Work order –
Your copy should match the listing word for word, apart from the pictures, which are left out.

Data segment –
· · · · ·

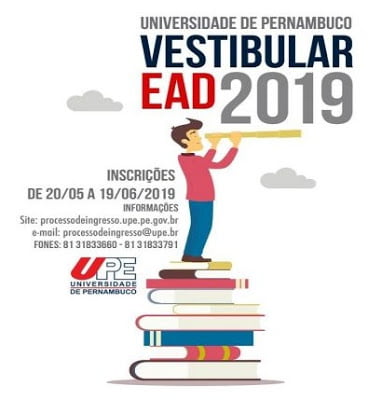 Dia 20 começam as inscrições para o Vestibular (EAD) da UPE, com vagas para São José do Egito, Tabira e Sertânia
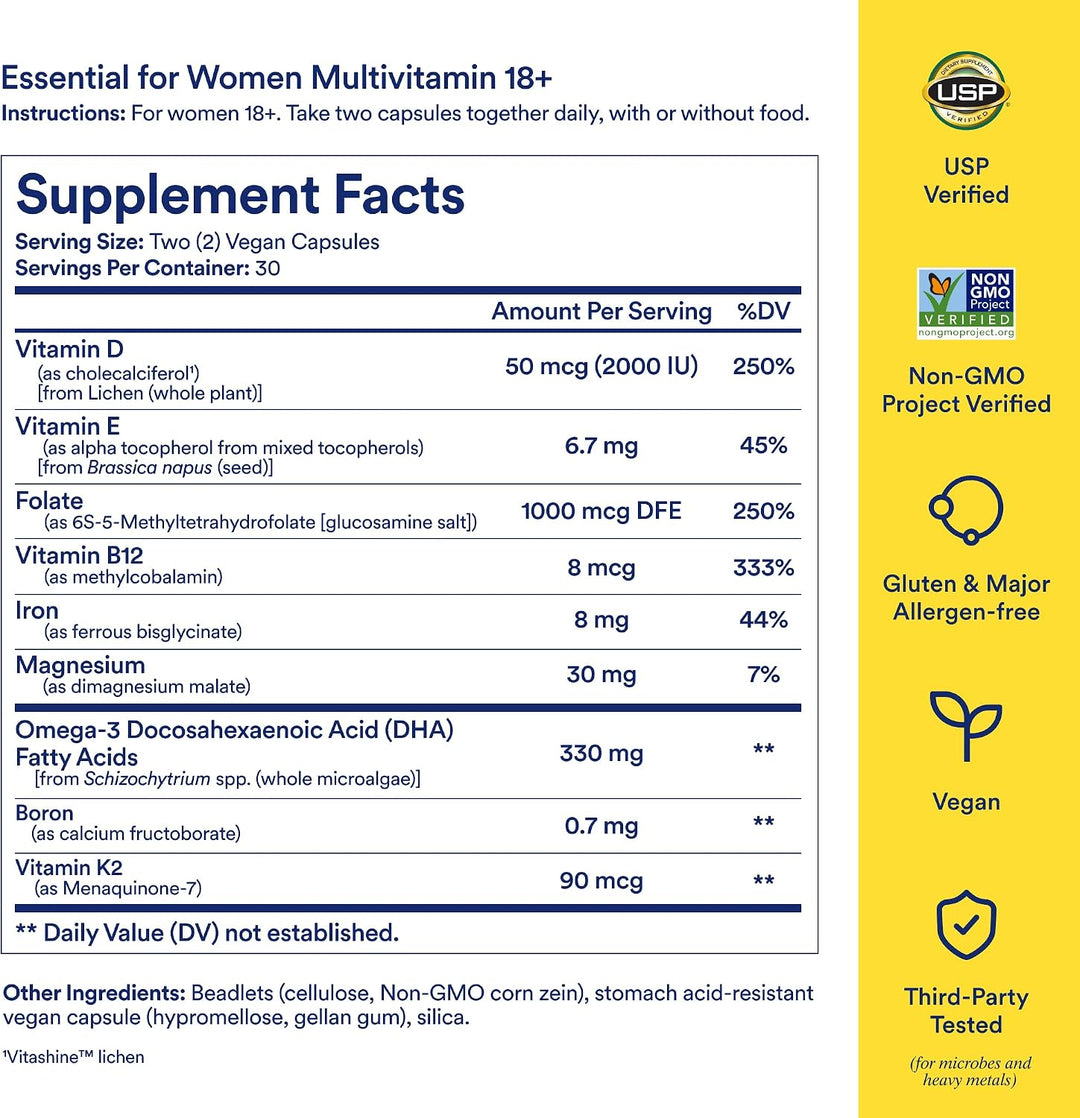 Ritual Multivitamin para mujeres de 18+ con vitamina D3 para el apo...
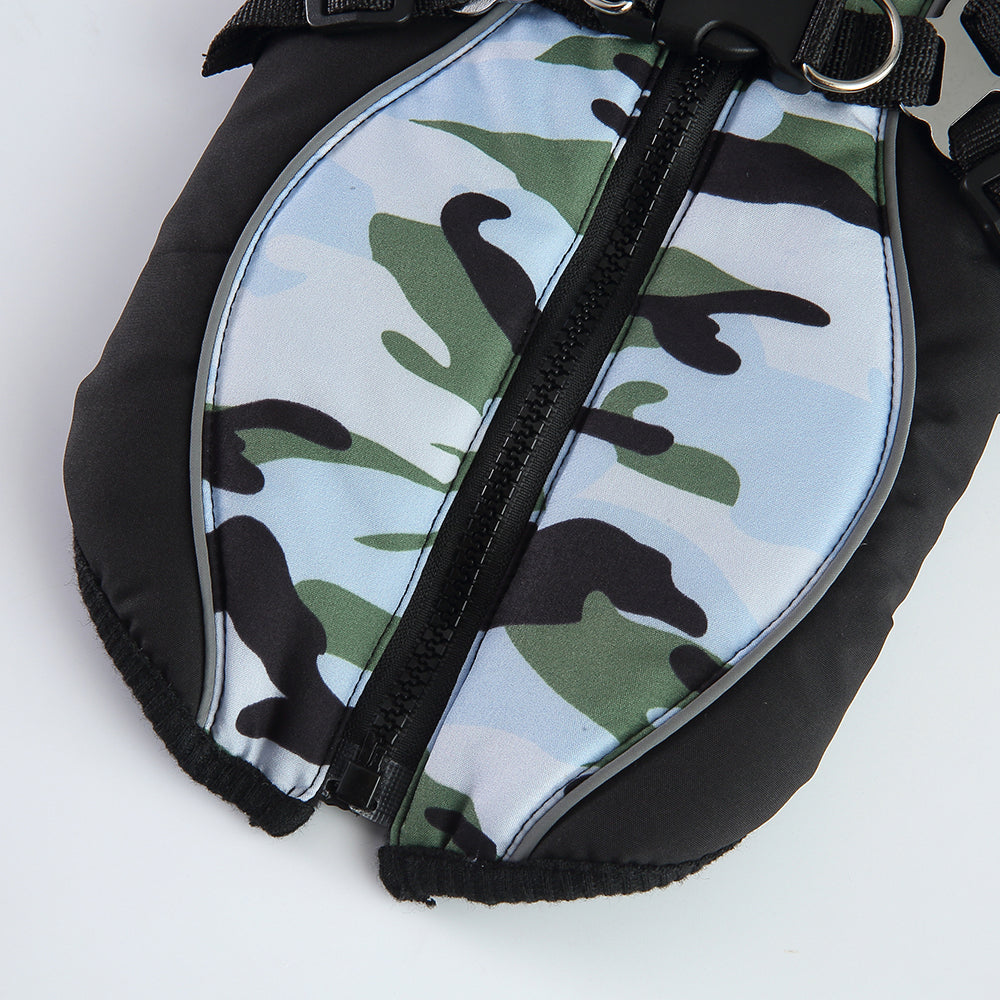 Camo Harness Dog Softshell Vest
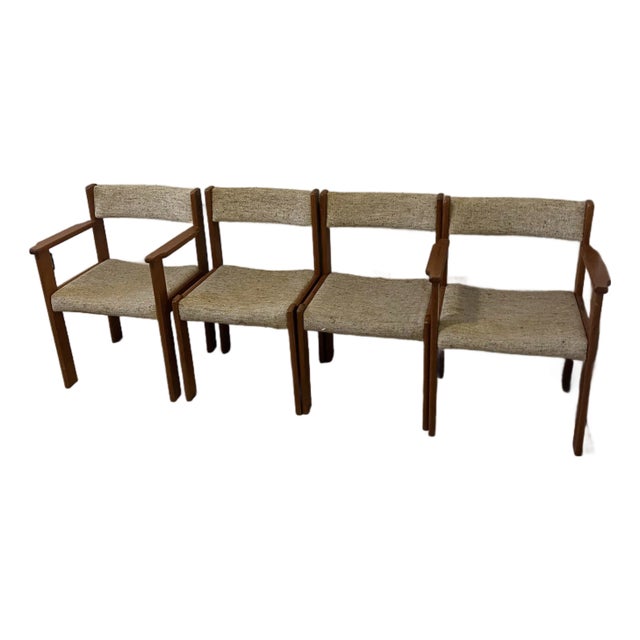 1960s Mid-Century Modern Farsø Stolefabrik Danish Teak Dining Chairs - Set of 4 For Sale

· · · · ·

Answer below –
 Dia 20 começam as inscrições para o Vestibular (EAD) da UPE, com vagas para São José do Egito, Tabira e Sertânia
 Ritual Multivitamin para mujeres de 18+ con vitamina D3 para el apo...
 Camo Harness Dog Softshell Vest
 1960s Mid-Century Modern Farsø Stolefabrik Danish Teak Dining Chairs - Set of 4 For Sale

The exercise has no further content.